Once the line containing "Elegantly Designed Garment" is found in the data below, repeat it and every later line exactly, leaving the pictures out.

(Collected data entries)
──────────

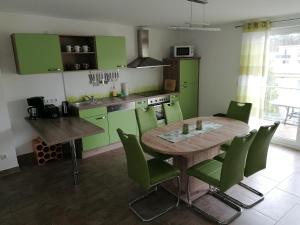 Η κουζίνα ή μικρή κουζίνα στο Eikkaterweg 15 +28 φωτογραφίες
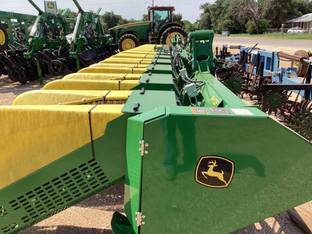 2019 John Deere SH12F
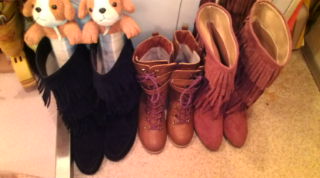 ブーツで玄関がいっぱい。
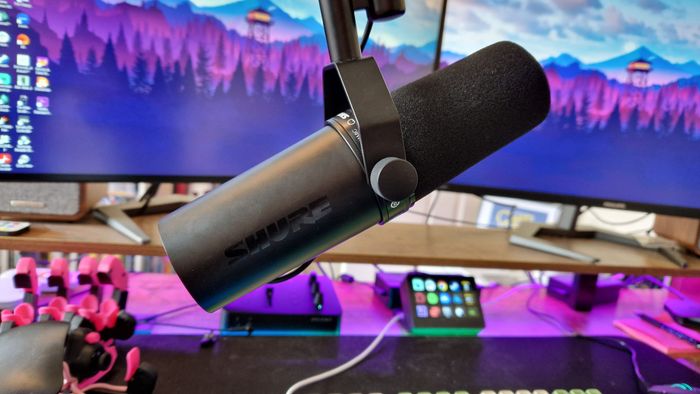 Shure SM7dB gắn trên một cánh tay boom phía trước hai màn hình chơi game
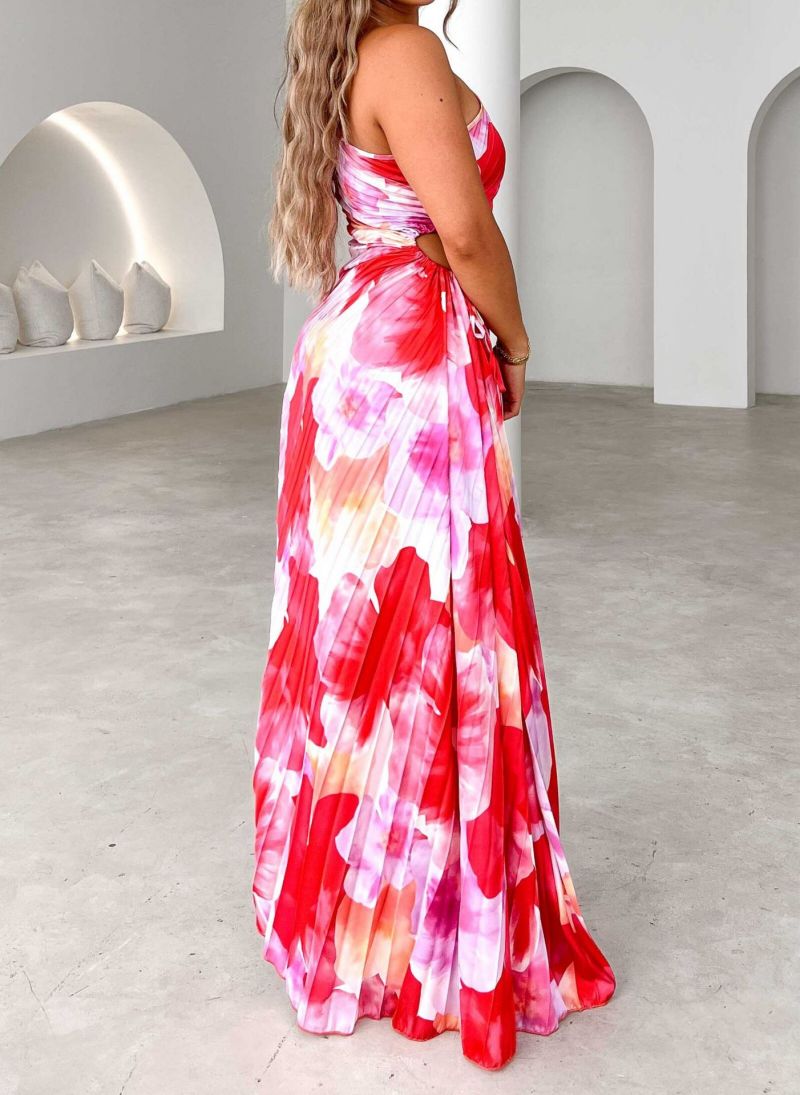 Elegantly Designed Garment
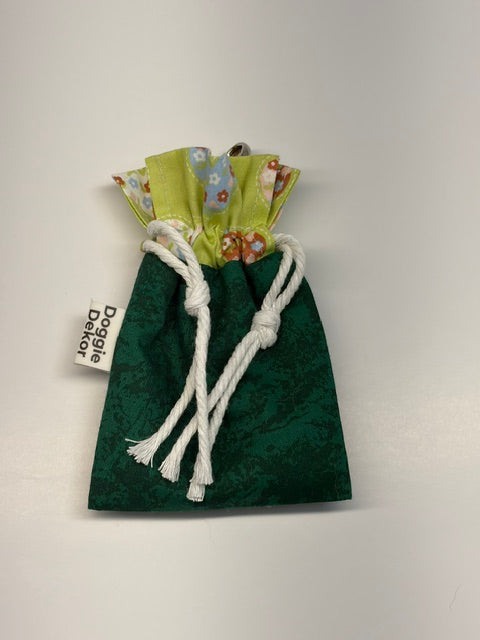 Dog poo bag holder - 100% cotton drawstring pouch in dark green with a lime green patterned collar, white drawstring and metal clip - Doggie Dekor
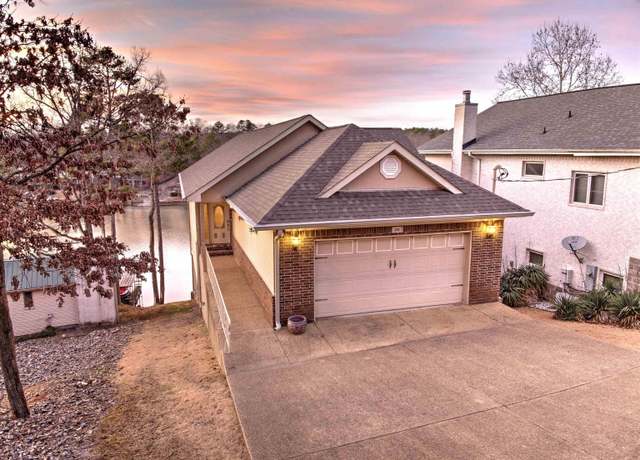 Property at 206 Houston, Hot Springs, AR 71913, 4 beds, 4.5 baths
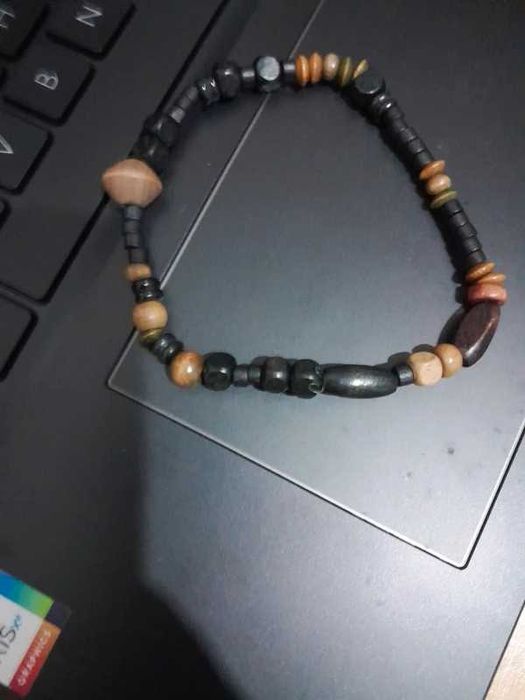 Pulseira em castanho e preto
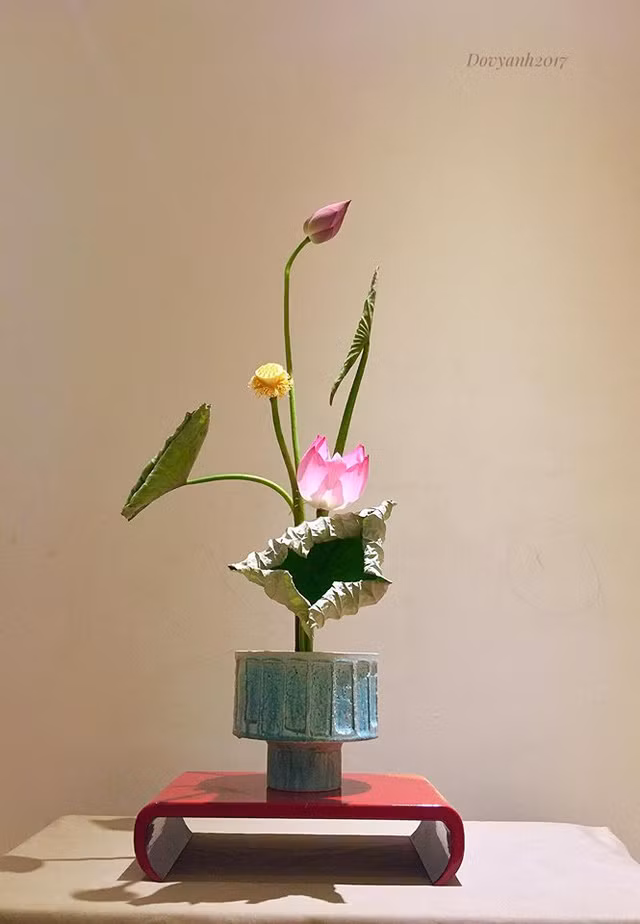 Ba trạng thái của hoa và lá thể hiện hiện tại, quá khứ và tương lai. Chiếc bình xanh ngả xám tương thích và ăn nhập với lá sen mở rộng đã héo từ đường hoa văn trên bình, bắt luôn vào gân lá. Màu xanh của lá lại tiệp mầu với bình, nói lên sự đồng điệu giữa hai chất liệu - tươi mát và khô cứng, nặng và bay.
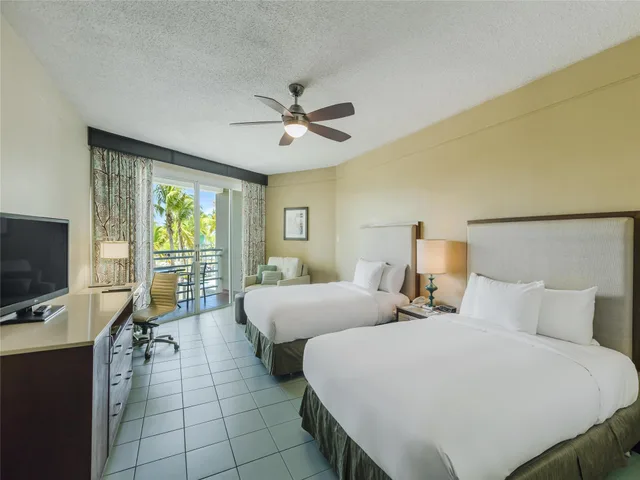 Room, Double Bed, Pool or Ocean View, Balcony، Hilton Ponce Golf & Casino Resort 1/1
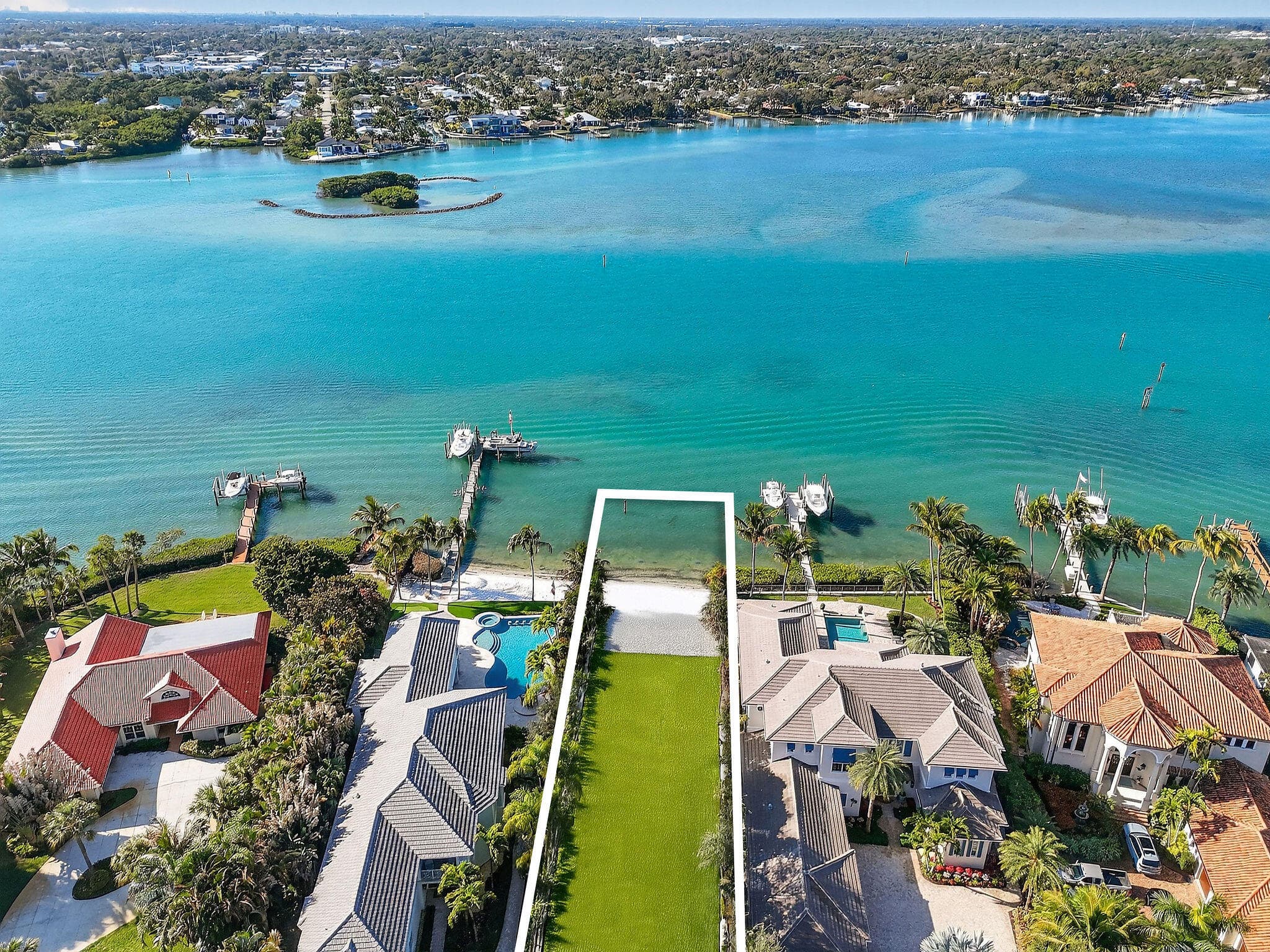 114 W Riverside Drive, Jupiter, FL 33469 — photo 16 of 35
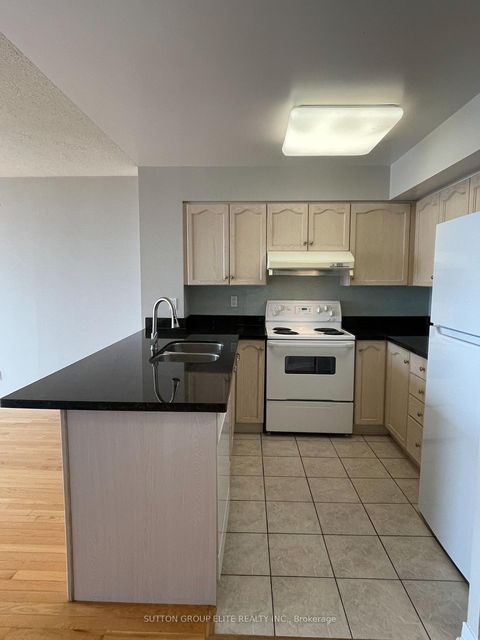 Photo 9 at 514 - 19 Northern Heights Drive, Langstaff, Richmond Hill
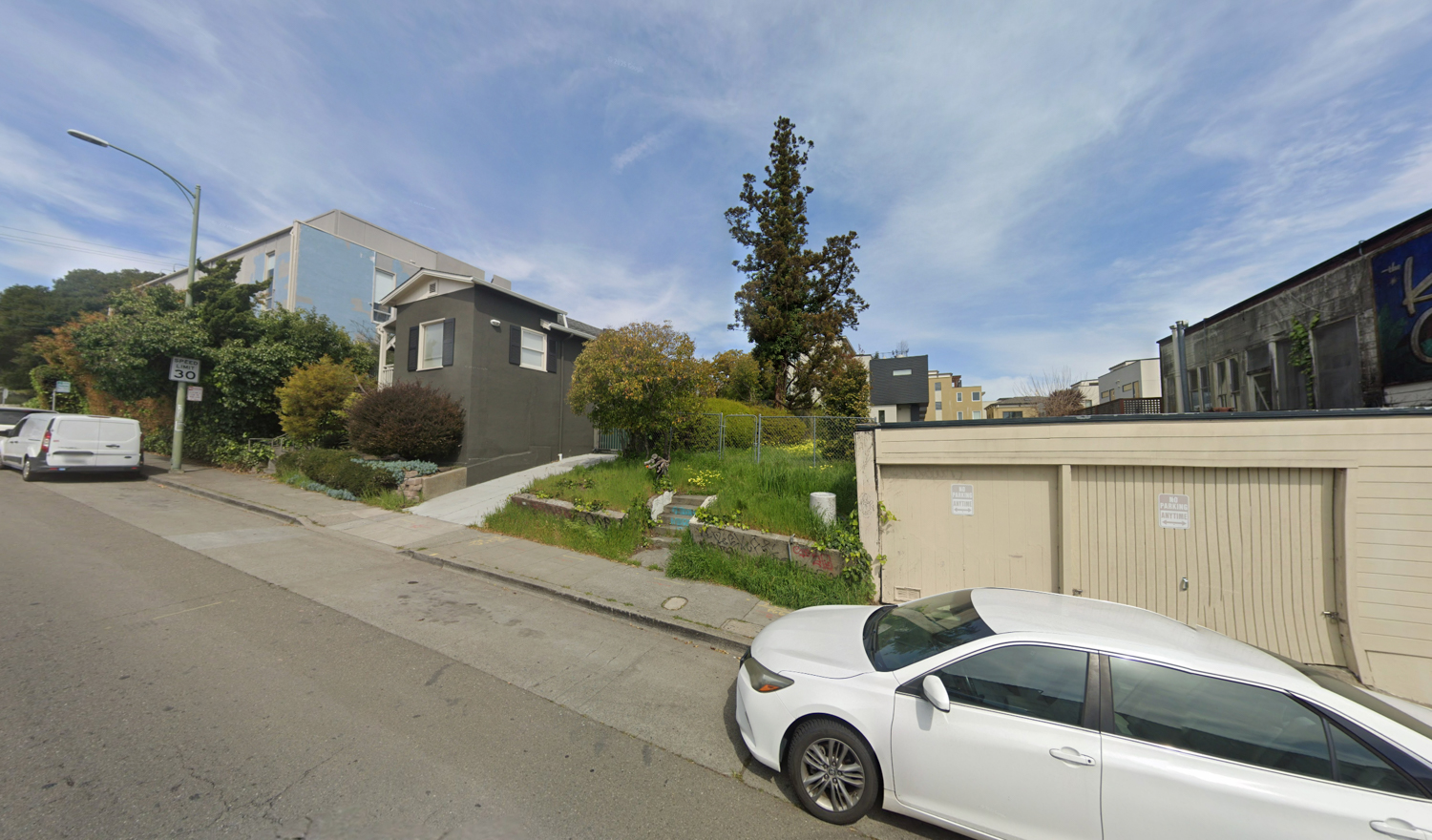 1860 Pleasant Valley Avenue, image via Google Street View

──────────

● Task output
 Elegantly Designed Garment
 Dog poo bag holder - 100% cotton drawstring pouch in dark green with a lime green patterned collar, white drawstring and metal clip - Doggie Dekor
 Property at 206 Houston, Hot Springs, AR 71913, 4 beds, 4.5 baths
 Pulseira em castanho e preto
 Ba trạng thái của hoa và lá thể hiện hiện tại, quá khứ và tương lai. Chiếc bình xanh ngả xám tương thích và ăn nhập với lá sen mở rộng đã héo từ đường hoa văn trên bình, bắt luôn vào gân lá. Màu xanh của lá lại tiệp mầu với bình, nói lên sự đồng điệu giữa hai chất liệu - tươi mát và khô cứng, nặng và bay.
 Room, Double Bed, Pool or Ocean View, Balcony، Hilton Ponce Golf & Casino Resort 1/1
 114 W Riverside Drive, Jupiter, FL 33469 — photo 16 of 35
 Photo 9 at 514 - 19 Northern Heights Drive, Langstaff, Richmond Hill
 1860 Pleasant Valley Avenue, image via Google Street View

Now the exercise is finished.